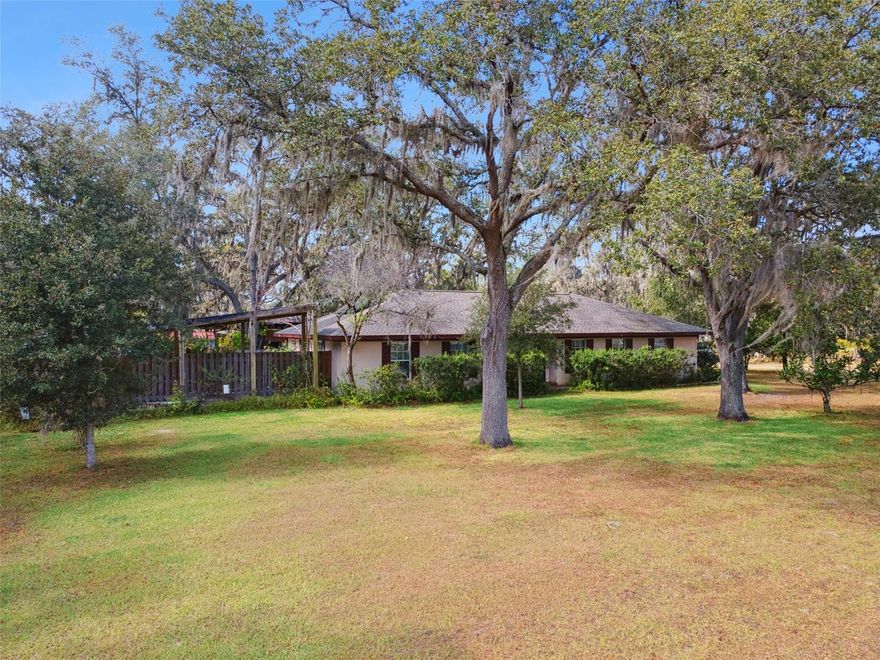 PRIVATE 5-ACRE OASIS with Upgrades Galore!  On a private dead-end road, which means more privacy and hardly any traffic!
Welcome to your dream homestead! Nestled on 5 fully fenced acres, this well maintained 3-bedroom, 2-bath block home offers the perfect blend of comfort, functionality, and rural charm. Step inside to find a cozy wood-burning fireplace, double-paned windows, and a remodeled kitchen and primary bathroom that elevate everyday living.
HOME FEATURES:
  *Solid block construction with updated roof (2020), water heater (2021), and AC (2012)
  *Spacious living areas with natural light and energy-efficient solar panels
  *Fully remodeled kitchen with beautiful quartz countertops, and fully remodeled primary bathroom 
  * Solar water heater with electric backup
  *Generator to run electric during power outages. Big enough to run major appliances and well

Instructions to follow: Apart from the pictures, all of the data should be repeated exactly.

Answer space:
 PRIVATE 5-ACRE OASIS with Upgrades Galore!  On a private dead-end road, which means more privacy and hardly any traffic!
Welcome to your dream homestead! Nestled on 5 fully fenced acres, this well maintained 3-bedroom, 2-bath block home offers the perfect blend of comfort, functionality, and rural charm. Step inside to find a cozy wood-burning fireplace, double-paned windows, and a remodeled kitchen and primary bathroom that elevate everyday living.
HOME FEATURES:
  *Solid block construction with updated roof (2020), water heater (2021), and AC (2012)
  *Spacious living areas with natural light and energy-efficient solar panels
  *Fully remodeled kitchen with beautiful quartz countertops, and fully remodeled primary bathroom 
  * Solar water heater with electric backup
  *Generator to run electric during power outages. Big enough to run major appliances and well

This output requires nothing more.